AudioCraft
Meta's open-source research toolkit for generating music and sound effects from text via a single autoregressive language model.
Pick AudioCraft if you're a researcher or engineer who wants to self-host or fine-tune state-of-the-art text-to-audio models without paying per call.
Skip it if you want a polished web app for making finished songs - use Suno, Udio, or ElevenLabs Music instead.
AudioCraft is Meta AI's open-source framework for generative audio, bundling three models under one roof: MusicGen for text-to-music, AudioGen for environmental sound effects from text prompts, and EnCodec, a neural audio codec that compresses audio into discrete tokens. The architecture uses a single autoregressive language model operating over streams of compressed audio tokens, which simplifies training and inference compared to diffusion-based audio pipelines.

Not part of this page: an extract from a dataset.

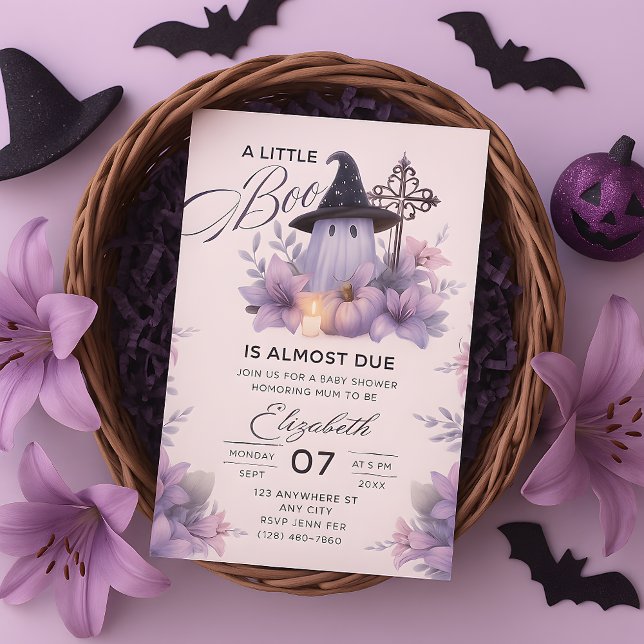 little boo baby shower invitation Halloween Purple (little boo baby shower invitation, Halloween Flyer Baby Shower, Little Boo Invitation Little Boo Bab)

This is squarely a research release, not a polished consumer product. There's no hosted web app, no pricing tier, and no managed API on this demo page; you clone the GitHub repo (facebookresearch/audiocraft), bring your own GPU, and run it via PyTorch. That makes it a fit for ML researchers, audio engineers exploring generative pipelines, and developers who want to fine-tune or self-host text-to-music without paying per generation to a SaaS like Suno or Udio.
The models are released under permissive licenses (MIT for code, CC-BY-NC for the model weights in most cases, which matters for commercial use), and the codebase is actively referenced across the open-source audio ecosystem. If you want a click-and-go music generator, look elsewhere; if you want the underlying tech to build on, AudioCraft is one of the most cited starting points.
AudioCraft is the canonical open-source reference implementation for text-to-audio generation, and that's its main value. As a product it's barely one - this is a demo page for a research drop - but as a foundation for anyone building serious audio AI infrastructure, it's still hard to beat.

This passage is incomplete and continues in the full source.